I have set out the response below. To those of you who unknowingly collabarated in making me look much more mechanically adept and experienced, I thank you.

"By the way, re the rear foot pegs, I never said to straighten them in a vice, I said to twist them a little so they grip more when re-inserted."

"From: Gary Dick [mailto:[email protected]]
Sent: Friday, January 16, 2004 10:23 AM
To: Karl Scott
Cc: SvceBNE
Subject: Front End Klunk - Attention Julian
Sensitivity: Confidential



Karl,

We do have a procedure for adjusting the steering head bearings and it does involve using a higher torque figure than suggested in the manual (45–55 ft-lbs) being applied to the upper fork stem nut (# 2 on your diagram). However, if an excessive amount of torque is applied to that nut without paying very close attention to the setting of the “fall away” adjusting nut (# 6 on your diagram), your “fall away” measurement will be incorrect and that can result in either a weave or wobble from the front end. An incorrectly set “fall away” measurement can also result in premature wear of the steering head bearings themselves. The reason we use a higher torque figure on the upper fork stem nut is in an effort to help over-come the fork “clunk” that you sometimes hear from different model H-D front ends. This “clunk” is caused through a very small amount of movement between the “fall away” adjusting nut (# 6 on your diagram) and the under side of the upper triple clamp (# 4 on your diagram). By applying more torque to the upper fork stem nut (# 2 on your diagram), it reduces the likelihood of movement and therefore the “clunk” diminishes. The adjustment of the steering head bearings on your motorcycle will have been checked during the course of routine maintenance / service procedures. The bearings etc do settle in over a period of time and the steering head bearings do require closer attention during the early stages of their life. There is another “clunk” that can sometimes be heard from the front end of some H-D models and that is from the internals of the front forks themselves. In the majority of cases, using a slightly heavier grade of fork oil helps reduce that “clunk”; however, this in turn can make the “clunk” from the steering head area a little more noticeable. In cases like that it can take a little extra fine tuning to try and find the happy medium between the two. As far as loose foot pegs go, we sometimes turn the spring plate around (as we have with yours) and then just tighten them. I can’t see that flattening the spring plates would help at all. It could be that they have settled in now and are in need of being tightened again. Other than that, it’s not something we are seeing on a regular basis. I hope this has been of some assistance to you.

Regards,

Gary Dick.

Service Manager.

Morgan & Wacker P/L.

[email protected]



-----Original Message-----
From: SvceBNE
Sent: Wednesday, 14 January 2004 4:36 PM
To: Gary Dick
Subject: FW: Front End Klunk - Attention Julian
Sensitivity: Confidential



Gary, can you have a look at this one please. He has also asked about the rear foot pegs being very loose and that he saw something on the net about turning the spring washers around after straightening them in a vice.





Julian Richards
Service Advisor.

-----Original Message-----
From: Karl Scott [mailto:[email protected]]
Sent: Wednesday, 14 January 2004 4:32 PM
To: SvceBNE
Subject: Front End Klunk - Attention Julian
Sensitivity: Confidential

Hi mate,



I know we talked about it and you said you check the torque on the nut in the attached picture every service. Seems a lot of us have an issue here though so thought I would drop you a line anyway. The scuttle but on this bolt and the klunk is that the klunk can be erased by torquing nut number 2 (see attached diagram.) - apparently the factory preset is 95 ft pounds? Seems pretty high, so maybe the preset isn't getting done at the factory?
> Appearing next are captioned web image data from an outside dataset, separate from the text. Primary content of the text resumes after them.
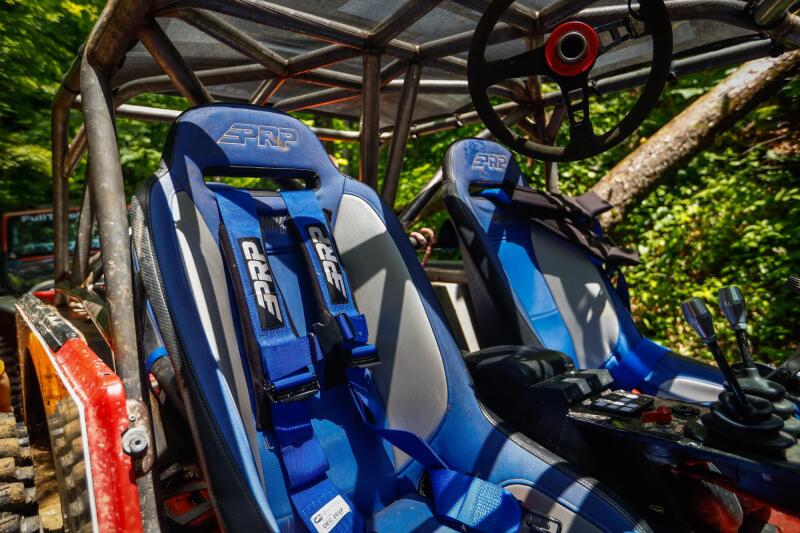 PRP Seats A8301 PRP Competition Elite Suspension Seat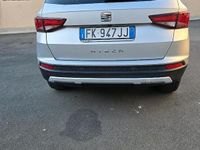 Usata Seat Ateca XCELLENCE 116 CV (85 kW) 2018 Grigio SUV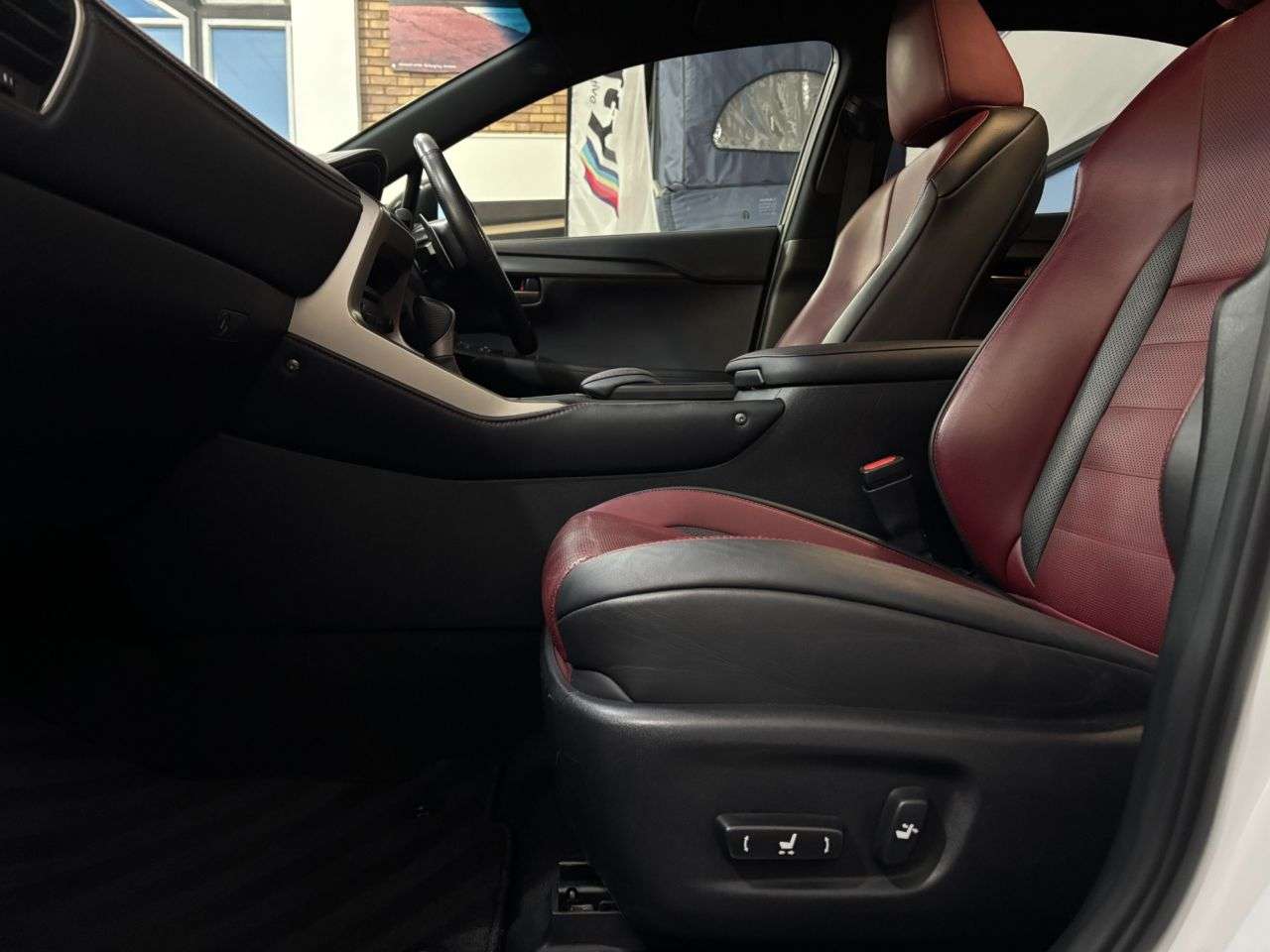 2016 LEXUS NX 2016 LEXUS NX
A summary (including some cut and paste) of what I don't get and of what I have found follows.

I'm trying to understand the relationship between the top nut, # 2 and the fall off adjustment nut, #6. First time I ever heard of fall off in that context :)
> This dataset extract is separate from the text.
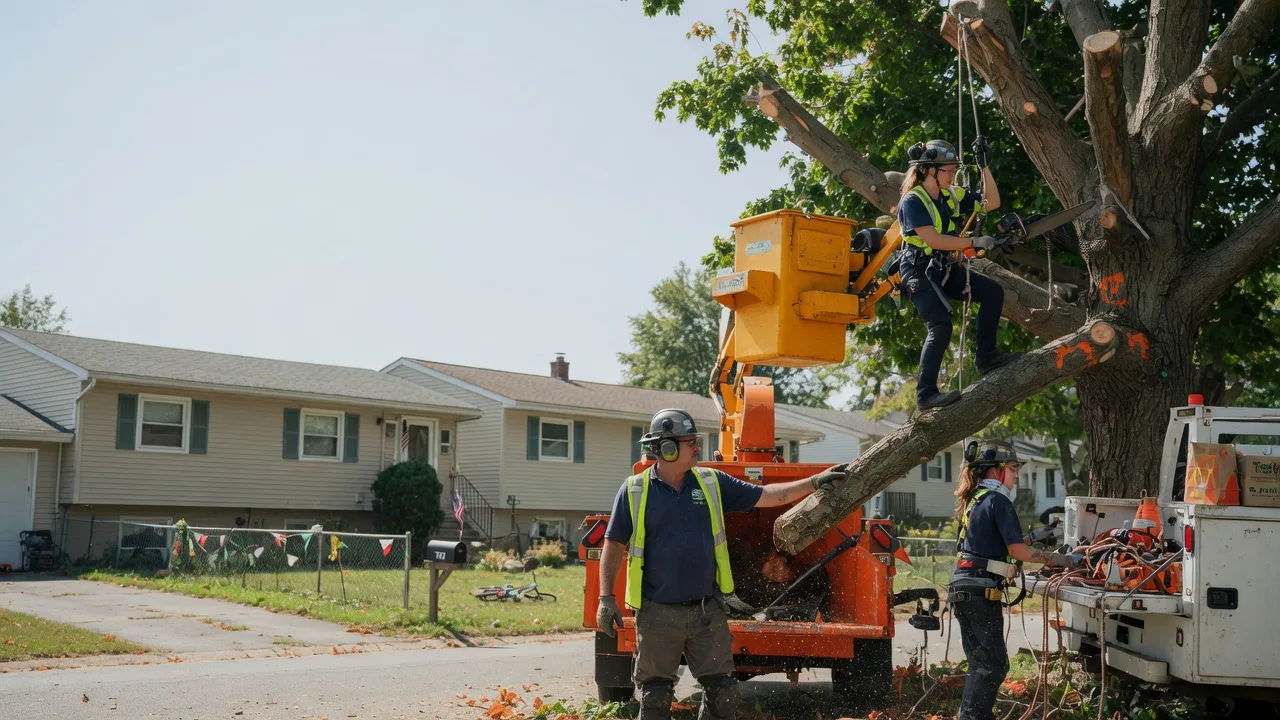 Tree Services in Mcconnell Afb, KS near me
There's a quite elaborate description of how to set the tension on the bearings using #6, it's called "Setting the Fall Off". It looks like #6 is used to load (or preload) the bearings and all #2 is going to do is clamp down on #6 and have no effect on the pressure against the bearings. That can't be true or tightening #2 will have no effect on the "clunk", right? The book calls for the #6 nut to be hand tightened and then 45-55ft lbs of torque on the #2 nut.

Does tightening #2 change the fall off? Does the design of #6 allow pressure to be passed through it onto the bearing washer?
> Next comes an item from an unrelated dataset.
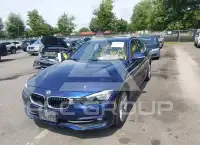 2017 BMW 330 фото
Has anyone checked the fall off on my bike to factory spec? (I assume so).

I imagine that if you get #6 too tight you will feel binding in the steering and bugger the recommended fall off. It seems the #2 nut captures the entire shaft and holds pressure on it for the upper triple tree.

I think the 04 spec might have changed too from what I have seen - as in the recomendations are different in the manual for 04 to 03?

One guy in tha States (who seems to know his shit) has said "I popped off the cover and tightened the #2 bolt from the picture about 1/8 turn, felt like about 60 - 70 ft-lbs but since I don't have a 1 1/2 socket I couldn't hook it up to my torque wrench. It got rid of the clunk and kept the proper fall away adjustment." Or as another guy has said "torque the piss out of the stem nut (#2)"

I'll leave it with you. Thanks Julian.

Karl "

So what do we reckon about the answer?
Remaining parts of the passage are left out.